A simple linear regression can be computed in NumPy
. The numpy.polyfit()
function is an easy solution, if we want to do linear regression in NumPy
without sklearn
or other more sophisticated packages. The numpy.polyfit()
will give the slope (m
) and the intercept (n
) of our regression line. Adding the argument full = True
will give additional information, such as the sum of the squares of the fit errors.
Add the argument deg
to set the degree of the fitting polynomial (e.g. linear = 1, quadratic =2, cubic = 3,...)
Exercise: Fit four polynomial models with $(p=1)$, $(p=2)$, $(p=3)$ and $(p=4)$.
## ignore date, convert to lenght
t = np.arange(0, len(df_co2_1990_2021))
## linear fit
z = np.polyfit(t, df_co2_1990_2021.values.flatten(), 1)
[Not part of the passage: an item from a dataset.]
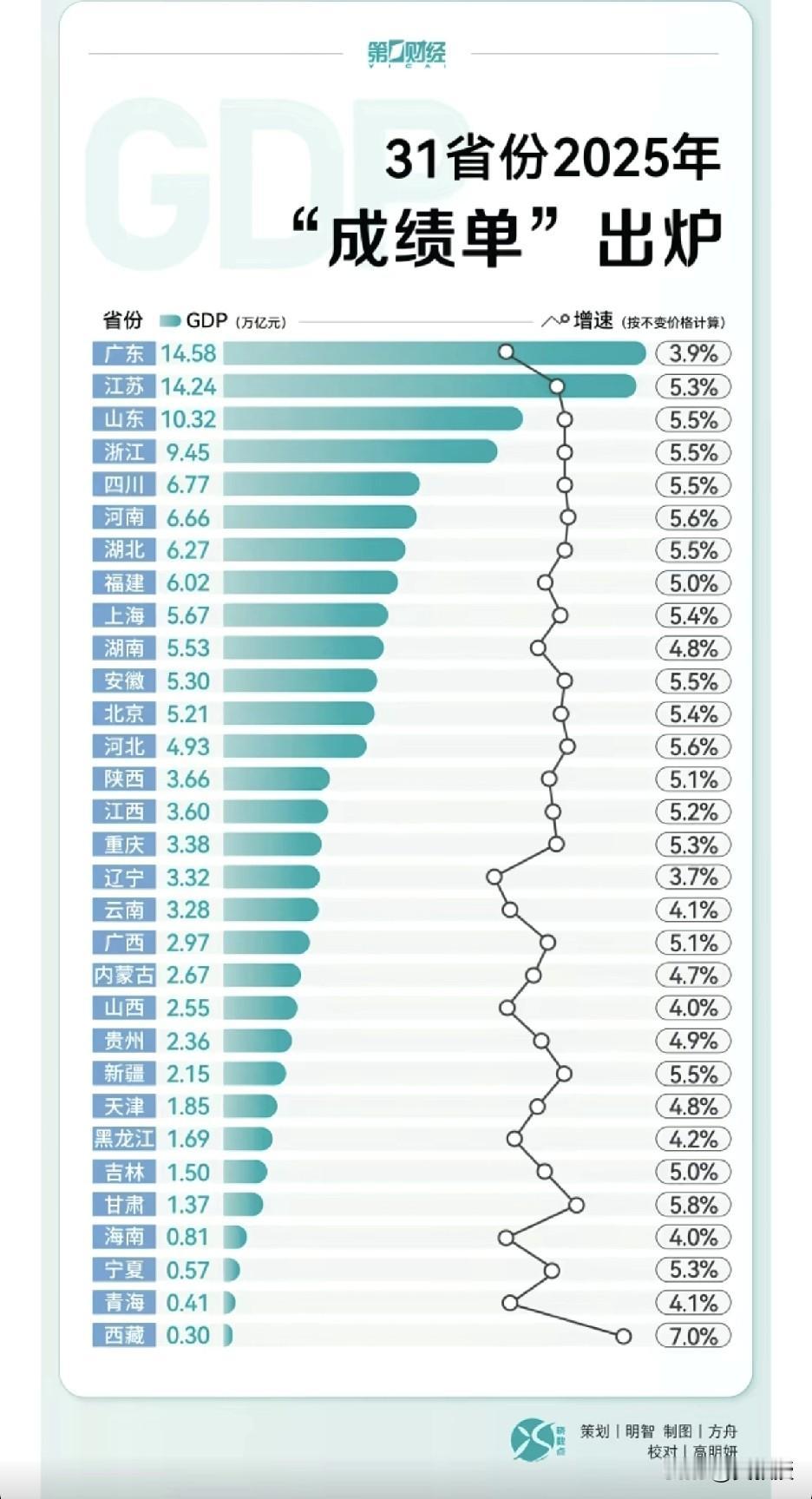广东，江苏不分伯仲
总体创新氛围也是积极的
解放思想，实事求是，是经济发展的基础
sum_err = np.polyfit(t, df_co2_1990_2021.values.flatten(), 1, full=True)[1]
p = np.poly1d(z)
fit1 = p(t)
## quadratic fit
z = np.polyfit(t, df_co2_1990_2021.values.flatten(), 1)
p = np.poly1d(z)
fit2 = p(t)
## cubic fit
z = np.polyfit(t, df_co2_1990_2021.values.flatten(), 3)
p = np.poly1d(z)
fit3 = p(t)
## quartic fit
z = np.polyfit(t, df_co2_1990_2021.values.flatten(), 4)
p = np.poly1d(z)
fit4 = p(t)
As the residuals from the fit yield a time series without the trend, we evaluate the goodness of the models by plotting the residuals.
fig, axs = plt.subplots(2, 2, figsize=(10, 8))
axs[0, 0].plot(t, fit1 - df_co2_1990_2021.values.flatten())
axs[0, 0].set_title("CO2 residuals from a linear fit")
axs[0, 1].plot(t, fit2 - df_co2_1990_2021.values.flatten())
axs[0, 1].set_title("CO2 residuals from a quadratic fit")
axs[1, 0].plot(t, fit3 - df_co2_1990_2021.values.flatten())
axs[1, 0].set_title("CO2 residuals from a cubic fit")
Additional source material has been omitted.